◆ PROVIDED MATERIAL ◆
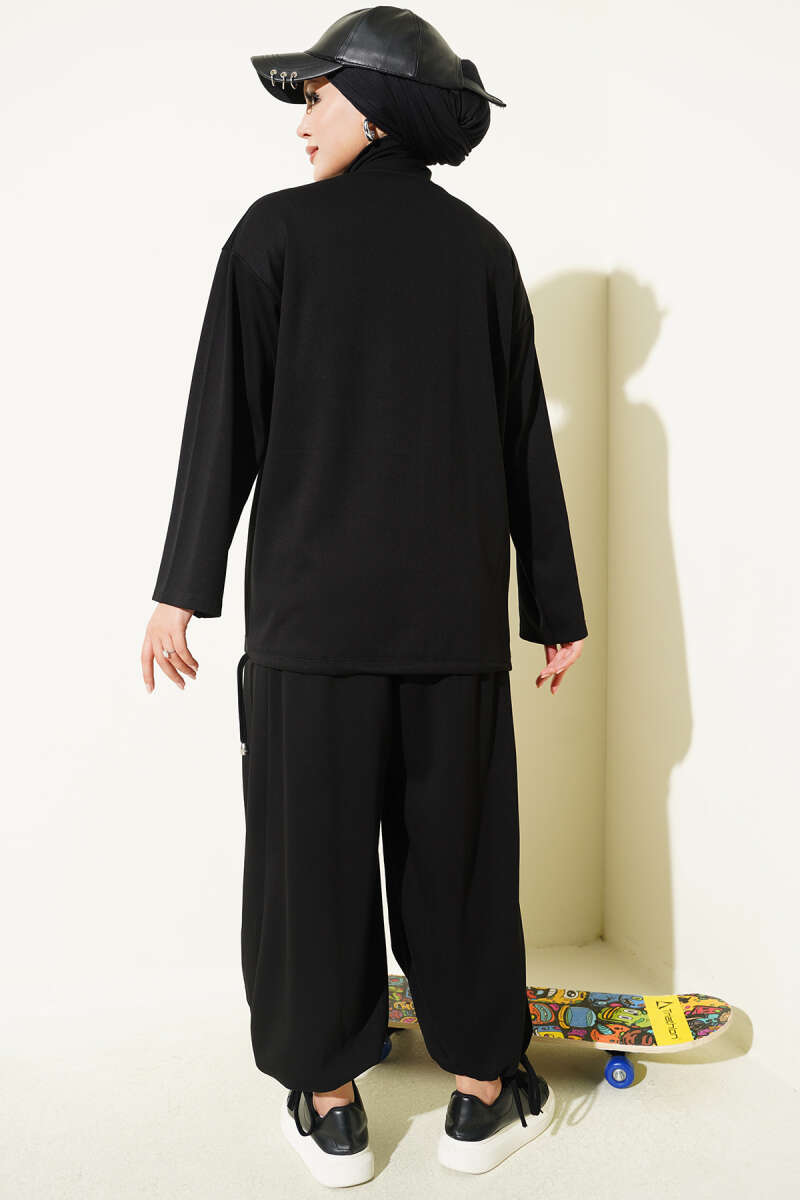 Zip-Up Two-Piece Set with Harem Pants - Black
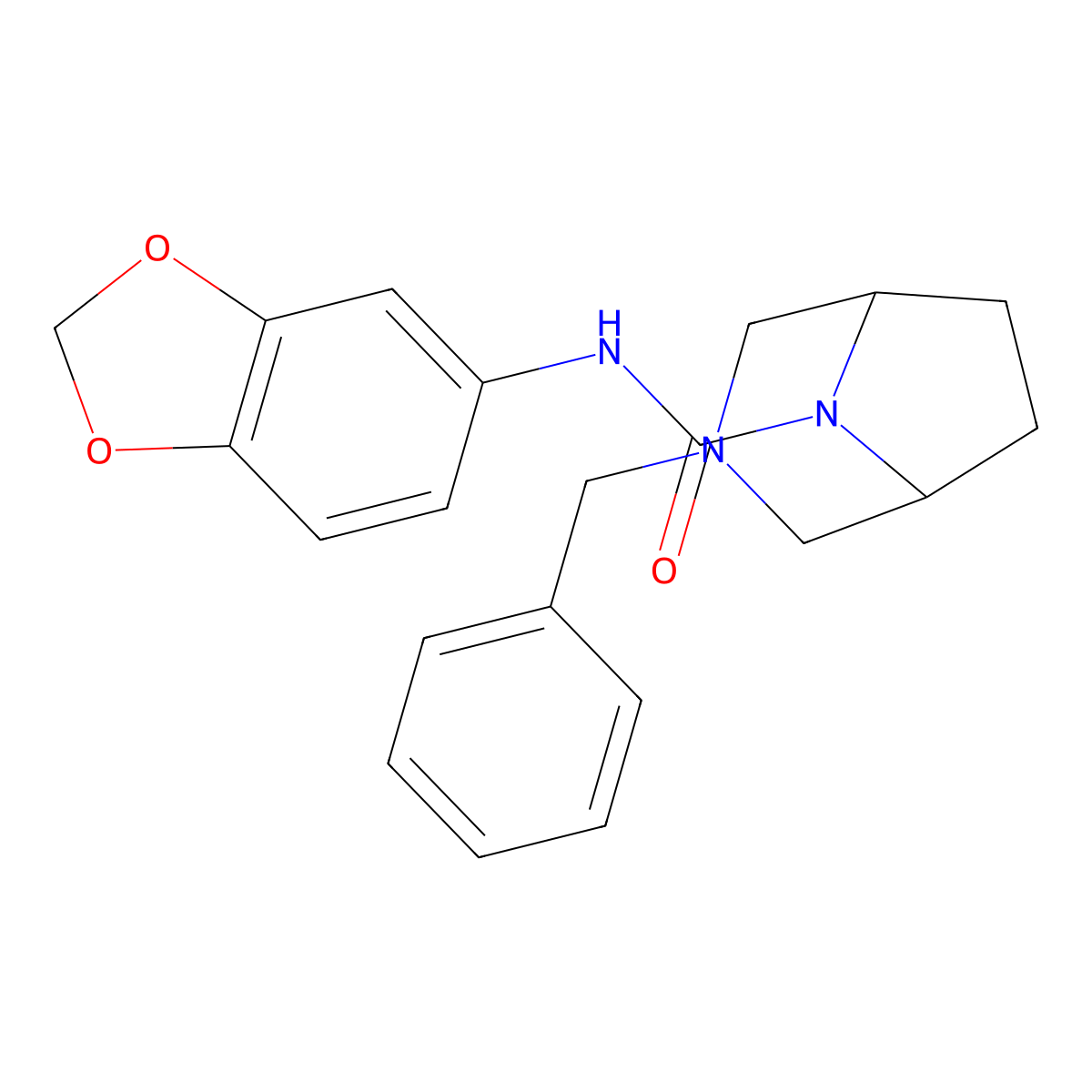 N-(2H-1,3-Benzodioxol-5-YL)-3-benzyl-3,8-diazabicyclo[3.2.1]octane-8-carboxamide molecular structure, CAS 1421480-85-4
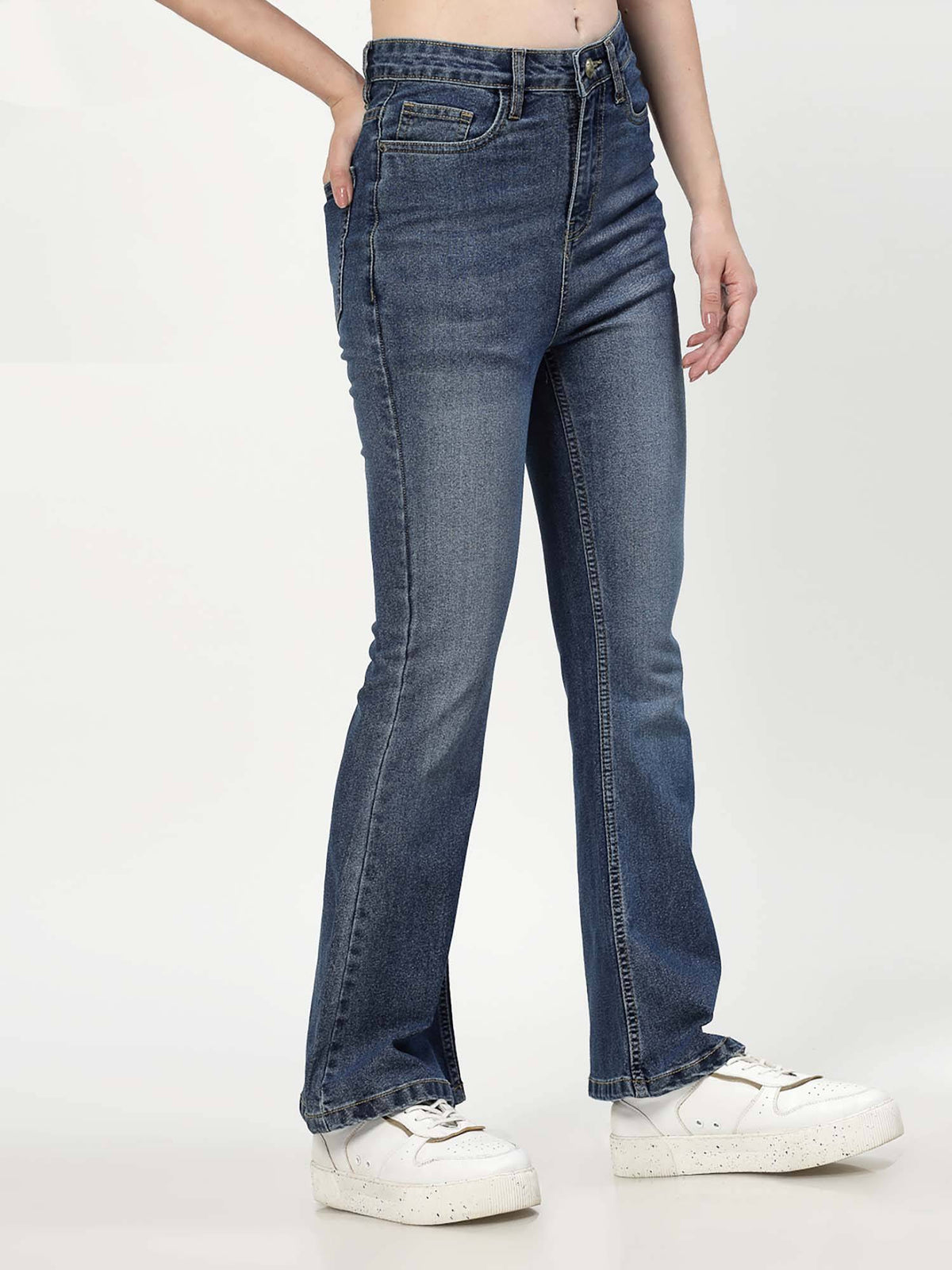Boot Cut Mid Rise Blue Jeans | BT10 - view 3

◆ ASSIGNED TASK ◆
Once the images are dropped, set down the remaining material word for word.

◆ TASK ANSWER ◆
 Zip-Up Two-Piece Set with Harem Pants - Black
 N-(2H-1,3-Benzodioxol-5-YL)-3-benzyl-3,8-diazabicyclo[3.2.1]octane-8-carboxamide molecular structure, CAS 1421480-85-4
Boot Cut Mid Rise Blue Jeans | BT10 - view 3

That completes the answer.